Deleite, pues, de una tarde/noche de fútbol: dos golazos.

Poca cosa

Domingo, 13 Noviembre 2016

Exigente la crítica con el juego de la selección española de fútbol.

-Es que el partido no fue brillante.

En efecto: no fue brillante y galáctico el fútbol de España. Y, ciertamente, le costó ganar a Macedonia.

-Es que Macedonia, en fútbol, es poca cosa.

Verdad también eso. Pero es que el fútbol ha cambiado mucho. ¿Qué hacen los equipos “poca cosa” para no ser zurrados de lo lindo cuando consideran que el adversario, en teoría, es muy superior? Jugar a no perder. Hoy los que son “poca cosa” han aprendido, y muy bien, dos cosas: han aprendido a extorsionar el juego de calidad del adversario y han aprendido a no dejarse ganar con facilidad. Son “artistas” en el arte de jugar a no dejar ganar y de jugar “a ver si no perdemos o perdemos por la mínima”

-Casi lo consigue Macedonia.

Casi. En el “casi”, usualmente, reside el fallo de casi todos los equipos que juegan a no dejar ganar. Al final, palizón: cuatro a cero a Macedonia. Sin brillantez.

El Barça y el Real Madrid, los dos, las han pasado canutas esta temporada, dicho sea al paso, en más de un partido para doblegar a equipos “poca cosa”. Hagan memoria.

El fútbol, en fin, es como el cine. ¿Cuántas películas aburridas, sosas, sin chica ni limoná, vemos al cabo del año hasta ver una de belleza, talento y calidad sublime? Woody Allen dijo una vez:

-Yo hago un cine inteligente. A lo mejor es por eso que mis películas gustan más en Europa que en Estados Unidos.

A eso se le llama tirar con bala a los críticos que le enojaban con sus tirachinas. Podría haberlo dicho también así:” Un crítico puede tener razón contra mi cine, y mi cine puede tener razón contra el crítico”.

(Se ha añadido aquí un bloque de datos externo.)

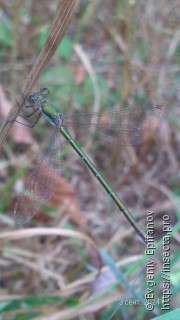 Lestes virens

La crítica, en efecto, es fácil; en fútbol, lo difícil no es criticar, es ganar.

-Prefiero jugar mal y ganar –decía Helenio Herrera- que ganar bien y perder.

Contra Macedonia, el nuevo seleccionador nacional, Lopetegui, alineó a siete jugadores de la selección sub-21 que ganó, bajo su dirección, el europeo de 2013. No se olvide este detalle aritmético.

-Ángel María Villar lo eligió por tres razones: cree en él, él tiene buena estrella y él es joven.

Ojo clínico. El tiempo lo dirá. Lo que sí está claro es que jugadores excelsos como los que hicieron campeona del mundo y de Europa a España no brotan como setas ni se dan como las naranjas valencianas.

-Ahí está la selección argentina. Quién la ha visto y quién la ve. Más de veinte años sin ganar nada.

Lo que sí me gusta de la selección de Julen es eso que ahora ha dado en llamarse actitud. Contra Macedonia, lo sé, faltó precisión, entendimiento y más cosas, pero lo que no decayó en ningún momento es la actitud. Actitud, igual a fe, a voluntad, a partirse los cojones, que diría Cala. Contra los equipos “poca cosa”, pues, actitud. Y contra Inglaterra, a ver qué pasa y qué aprendemos”. Vivir es ver y aprender, y otras cosas, por supuesto.